(EXTRACTED DATA)
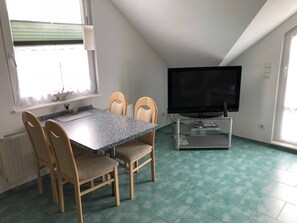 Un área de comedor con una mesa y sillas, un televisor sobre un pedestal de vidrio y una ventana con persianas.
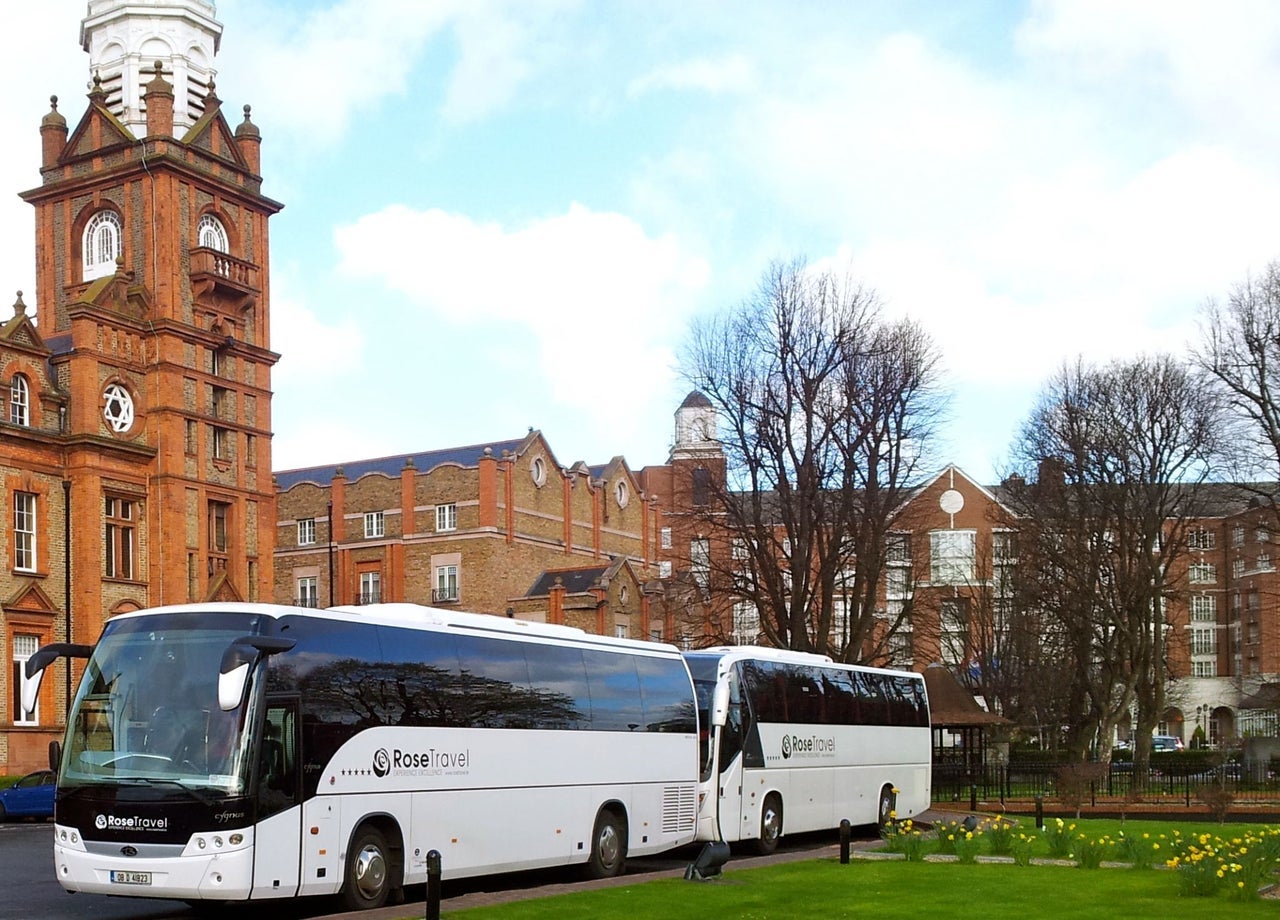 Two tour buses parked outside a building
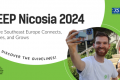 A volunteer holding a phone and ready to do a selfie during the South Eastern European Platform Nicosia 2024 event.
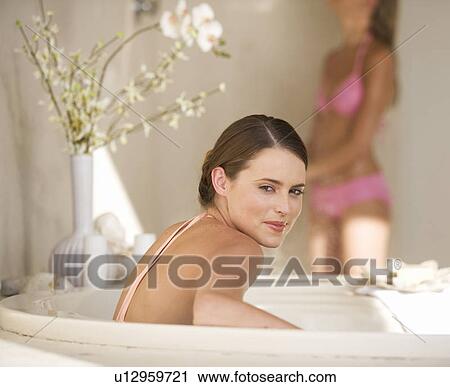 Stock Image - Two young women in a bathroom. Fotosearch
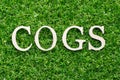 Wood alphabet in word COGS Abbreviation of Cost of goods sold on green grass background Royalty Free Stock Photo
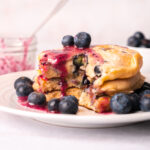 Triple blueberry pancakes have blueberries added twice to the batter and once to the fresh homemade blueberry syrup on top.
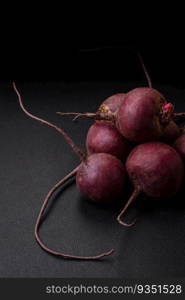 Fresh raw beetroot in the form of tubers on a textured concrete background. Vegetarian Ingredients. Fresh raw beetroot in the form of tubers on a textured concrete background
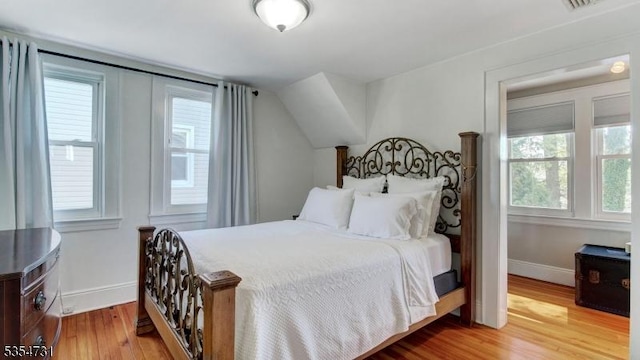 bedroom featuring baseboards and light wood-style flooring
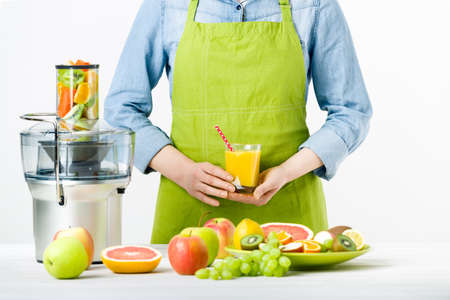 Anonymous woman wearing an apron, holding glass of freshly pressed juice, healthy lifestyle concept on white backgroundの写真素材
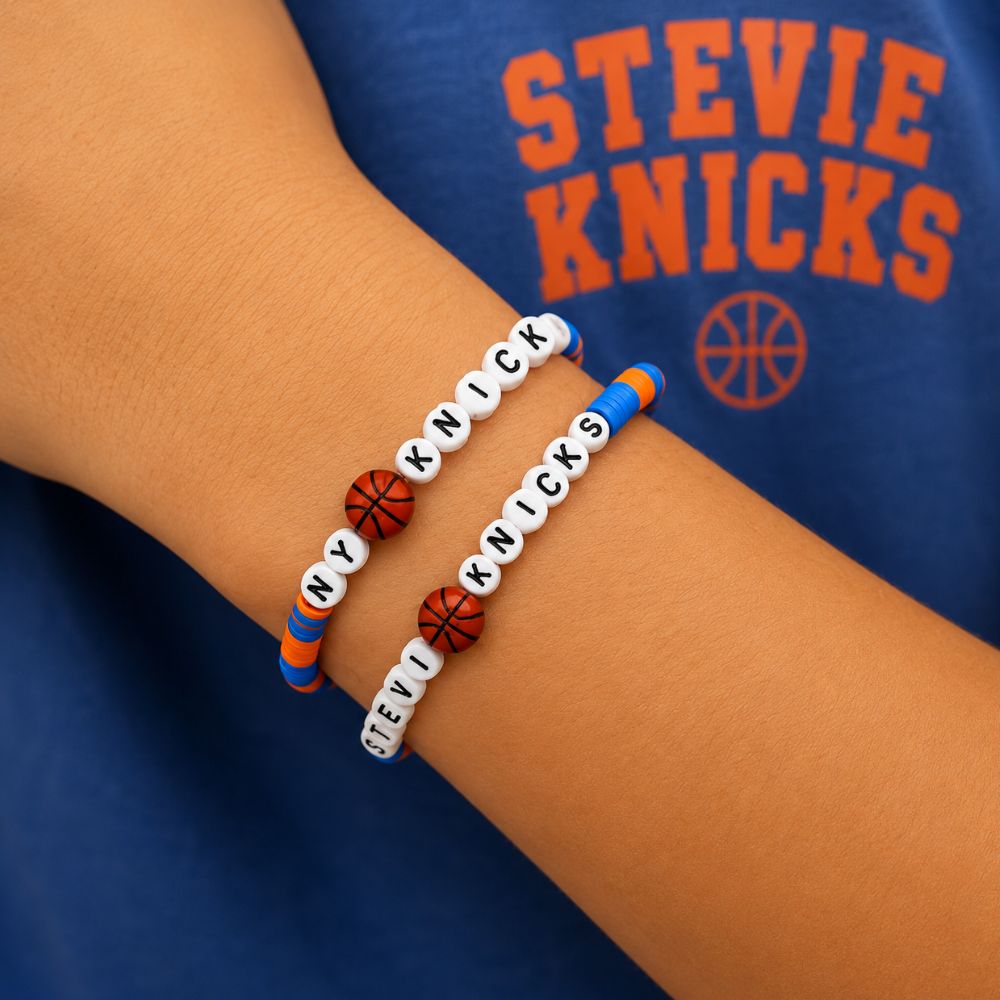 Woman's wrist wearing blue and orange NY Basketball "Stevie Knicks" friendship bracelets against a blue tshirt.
(End EXTRACTED DATA)
(EXTRACTED DATA)
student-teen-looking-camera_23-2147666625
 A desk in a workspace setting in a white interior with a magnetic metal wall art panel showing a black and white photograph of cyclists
(End EXTRACTED DATA)
● WHAT IS BEING ASKED
Repeat only the stretch of data above that runs from the line with "Triple blueberry pancakes" to the line with "Woman's wrist wearing". Keep both end lines; exclude pictures.

● THE ANSWER
 Triple blueberry pancakes have blueberries added twice to the batter and once to the fresh homemade blueberry syrup on top.
 Fresh raw beetroot in the form of tubers on a textured concrete background. Vegetarian Ingredients. Fresh raw beetroot in the form of tubers on a textured concrete background
 bedroom featuring baseboards and light wood-style flooring
 Anonymous woman wearing an apron, holding glass of freshly pressed juice, healthy lifestyle concept on white backgroundの写真素材
 Woman's wrist wearing blue and orange NY Basketball "Stevie Knicks" friendship bracelets against a blue tshirt.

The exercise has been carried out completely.